Despite exceeding third-quarter earnings forecasts, the stock market remains unimpressed with the strong figures. The recent earning season has produced favorable results overall, with S&P 500 companies reporting aggregate sales that exceeded Wall Street expectations by 0.6% according to Evercore. Moreover, average per-share earnings have surpassed estimates by an impressive 8.9%.

These robust earnings outcomes are a reflection of the third quarter's unexpectedly strong economic growth. Notably, the fact that the earnings "beat" has outperformed sales suggests that profit margins have also fared better than anticipated. This is particularly remarkable considering the stabilization of product costs and employee compensation. Encouragingly, all sectors have surpassed bottom-line estimates thus far.

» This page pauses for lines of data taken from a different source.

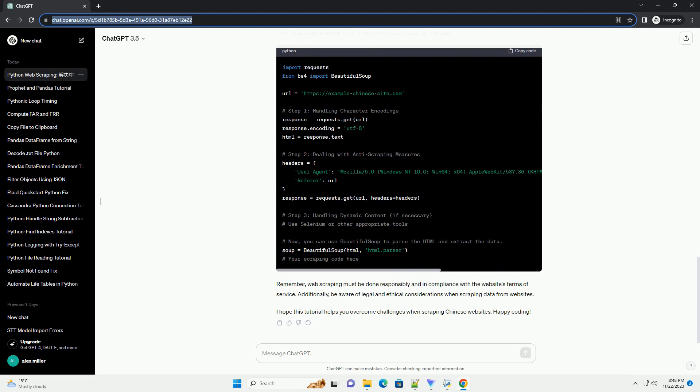Remember, web scraping must be done responsibly and in compliance with the website's terms of service. Additionally, be aware of legal and ethical considerations when scraping data from websites. I hope this tutorial helps you overcome challenges when scraping Chinese websites. Happy coding!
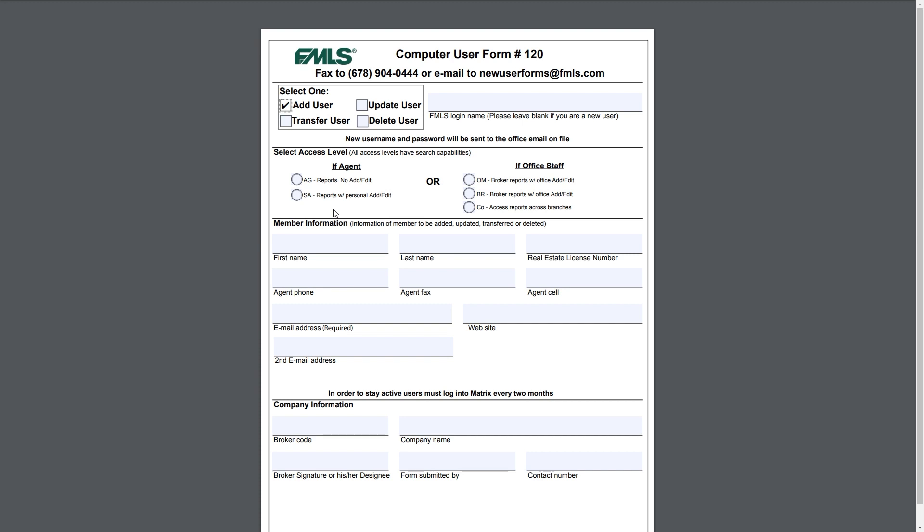If they're office staff or a broker, if you're looking for a higher level of permission for this individual, you will select one of these three: OM, BR, or CO. They're all going to have access to reports, while the CO will have access across all of your branches if your company has multiple broker codes. OM and BR will have add edit to all of the listings under that broker code. So if you have an office manager that needs to be able to go in and update the listings for your agents, you're going to want to put them in as an OM and they're going to have access to everything under your broker code, even if it's not them as the listing agent.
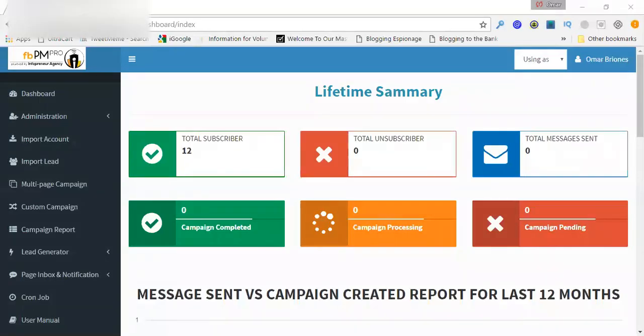Hey, what's going on? Omar Briones here with the Infopreneur Agency. In this video, I'm going to show you Private Messenger Pro. This is our Facebook autoresponder, and it is super powerful. Yes, you heard that right, Facebook autoresponder.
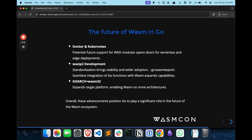These are the things I know personally about what is happening in Wasm and Go. There's a lot of stuff going on in these technologies — Wasm, Go, and the WebAssembly System Interface.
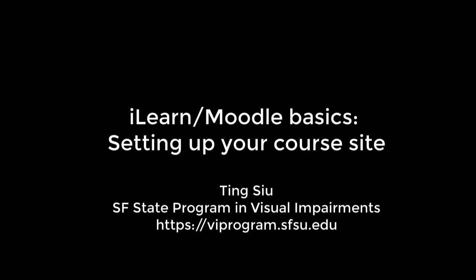iLearn/Moodle Basics: Setting up your course site, by Ting Su at SF State Program and Visual Impairments, https://viprogram.sfsu.edu.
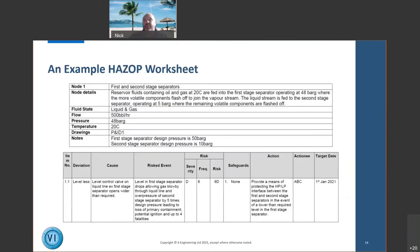In the HAZOP worksheet for our separator node, we're feeding in reservoir fluids and have noted the design pressures of the different separators. We've identified that low level in the first-stage separator can have severe consequences. We located this on the risk matrix and determined that risk reduction is needed — and it needs to be done quickly.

However, despite the positive performance in corporate earnings, the S&P 500 has experienced a 3% decline since the start of earnings season, and it has plummeted by approximately 10% from its peak in late July 2023.

The explanation is rather straightforward: stocks were excessively overvalued as earnings season approached, and most companies have refrained from revising their profit forecasts.

Even companies that surpass earnings estimates are not being adequately rewarded in the stock market. Over the past five years, when firms have outperformed analyst predictions for both earnings and revenue, their stocks have typically risen by an average of 1% on the trading day following the earnings announcement. However, during the third quarter of 2023, companies surpassing both top and bottom-line estimates have only experienced a marginal average gain of 0.5% on the trading day after their earnings report, as reported by Evercore. When considering the stock performance of companies that fell short of profit expectations, the average stock price reaction on the release day for all earnings reports this season has been a 1% decline.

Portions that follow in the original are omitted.